Many packages for building software are available as modules. However, some tools are available without loading any modules and a subset of those packages can be overridden by modules. Please pay careful attention to which modules you have loaded.
- ninja 1.7.2
- cmake 3.13.4 (cmake3)
- autoconf 2.69
- automake 1.13.4
- gcc 4.8.5
- clang/llvm 3.4.2
Currently the following are available as modules:
- automake 1.16.1
- bazel 0.17.2, 0.18.0, 0.18.1, 0.21.0
- ccache 3.5
- cmake 3.12.2, 3.12.3
- gcc 6.4.0, 6.5.0, 7.4.0, 8.1.0, 8.2.0
- xl/xl_r (xlC and xlf) 13.1.6, 16.1.0
- MPICH 3.2.1 (mpich module, built with XL compiler)
- CUDA 9.1, 10.0
When mixing CUDA and MPI, please make sure an xl module is loaded and nvcc is called with
-ccbin $(CXX) otherwise linking will fail.
CUDA code should be compiled with
-arch=sm_70 for the Volta V100 GPUs.
XL MPICH Compiler Wrapper Flags
The default MPICH compiler wrapper flags
-O3 -qipa -qhot will perform aggressive optimizations that could alter the semantics of your program.

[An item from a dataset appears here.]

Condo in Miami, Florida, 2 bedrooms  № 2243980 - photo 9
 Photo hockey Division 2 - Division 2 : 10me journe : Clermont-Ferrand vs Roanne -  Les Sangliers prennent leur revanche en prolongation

If the compiler applies such an optimization the following warning message will be displayed:
1500-036: (I) The NOSTRICT option (default at OPT(3)) has the potential to alter the semantics of a program. Please refer to documentation on the STRICT/NOSTRICT option for more information.
Specifying flags on the command line will override these defaults. For example, the following flags will respectively reduce the optimization level, add debug symbols, and block semantic changing optimizations:
-O2 -g -qstrict.
More information on the XL compiler options is here:
Jobs are submitted via Slurm to one of the following partitions: debug, dcs.
The debug partition is limited to single node jobs, running up to 30 minutes, and may only use a maximum of 128G of memory.
The dcs partition makes nodes and all their resources available for up to 6 hours.
See the Spectrum MPI section of the SLURM page for an example job script.
When submitting GPU/CUDA jobs via Slurm, users must specify
--gres=gpu:# to specify the number of GPUs desired per node. If GPUs are not requested with a job, they will not be accessible.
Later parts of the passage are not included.